“As a family law attorney for two decades, I know very well that it takes months to get a hearing to modify child support, and that it is very difficult to get support recalculated.”–Deborah Sirotkin Butler Joseph P. Kahn’s front page story Amid layoffs, child support pacts fraying: Stressed-out parents ask family court for help, relief (Boston Globe, 4/13/09) detailed the problems faced by child support obligors in the face a bad economy,
and featured a Fathers & Families’ supporter who was jailed because his diminished income prevented him from paying all of his child support. The story also discussed Fathers & Families’ highly-publicized lawsuit against the new, higher Massachusetts child support guidelines. In response to our Call to Action last week, many of you wrote Letters to the Editor of the Boston Globe, and the Globe published four of them.
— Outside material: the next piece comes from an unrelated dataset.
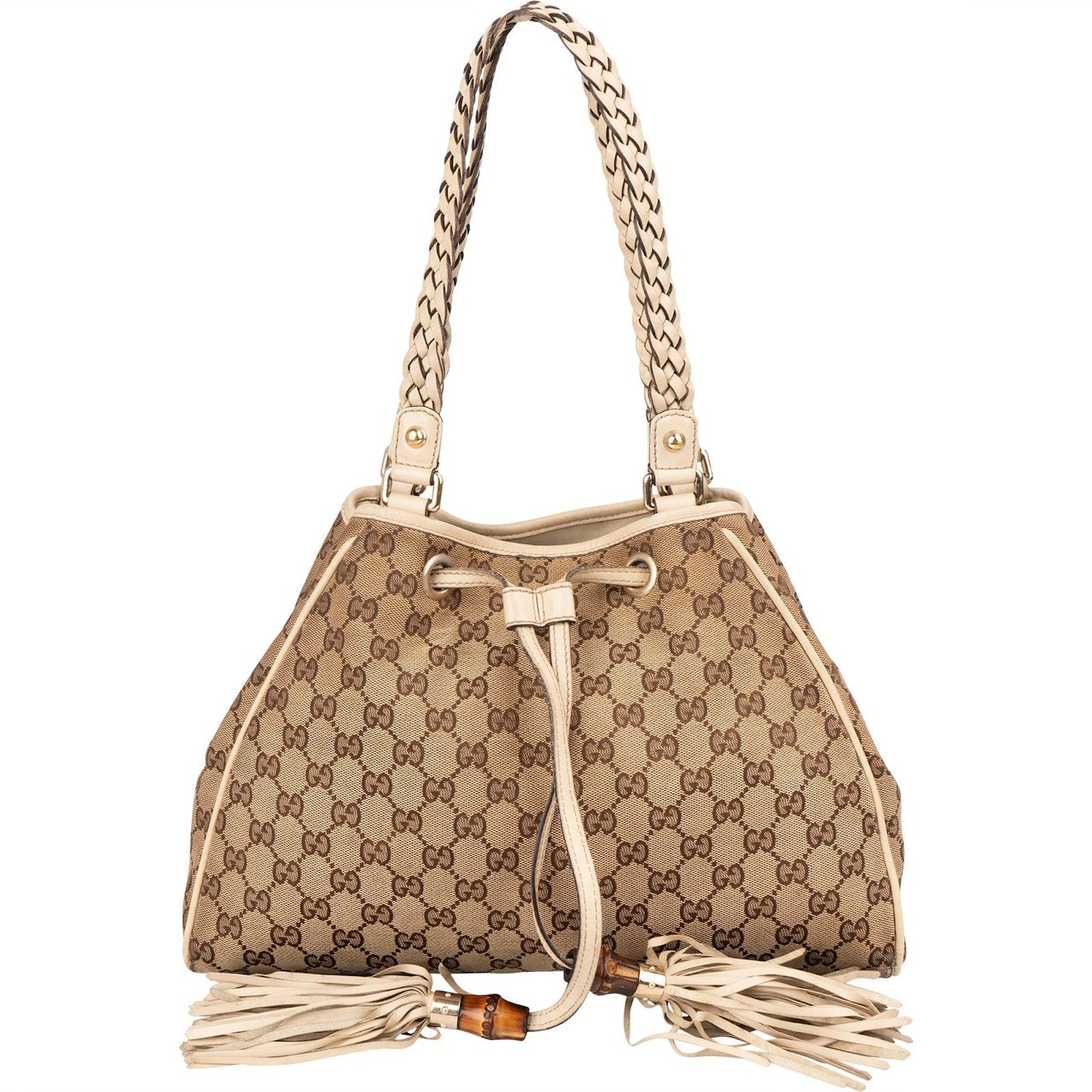 Gucci Monogram GG Canvas Bamboo Tassel Tote Shoulder Bag Beige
Given the Globe’s traditional antipathy towards fathers, the repeated recent coverage Fathers & Families has garnered and four of our supporters getting published is quite an accomplishment, and reflects our organization’s growing strength. In System sets up a de facto debtor’s prison (4/18/09), family law attorney Deborah Sirotkin Butler writes:
As a family law attorney for two decades, I know very well that it takes months to get a hearing to modify child support, and that it is very difficult to get support recalculated. Further, the “new partner,” if there is one, and the income added to a custodial household is rarely considered. Much child support seems to be a form of thinly disguised “household support” rather than child support at all.
Massachusetts’ child support orders are among the highest in the nation. If indeed a large percentage of the men in lockup are in de facto debtor’s prison, it is hard to understand how this helps children.
Keith Moak, a Miami, Florida Fathers & Families supporter, writes:
Children deserve fair child support. But I was outraged when I read, in “Amid layoffs, child support pacts fraying,” about the man who fell $23,000 behind in what he owed, including fees to his ex-wife’s attorney, and was handcuffed and put in jail for 30 days. What kind of unrealistic judge would do this, when this poor father had a modification petition pending? How does jailing a father who tries to play by the rules benefit the children? The judge needs a reality check.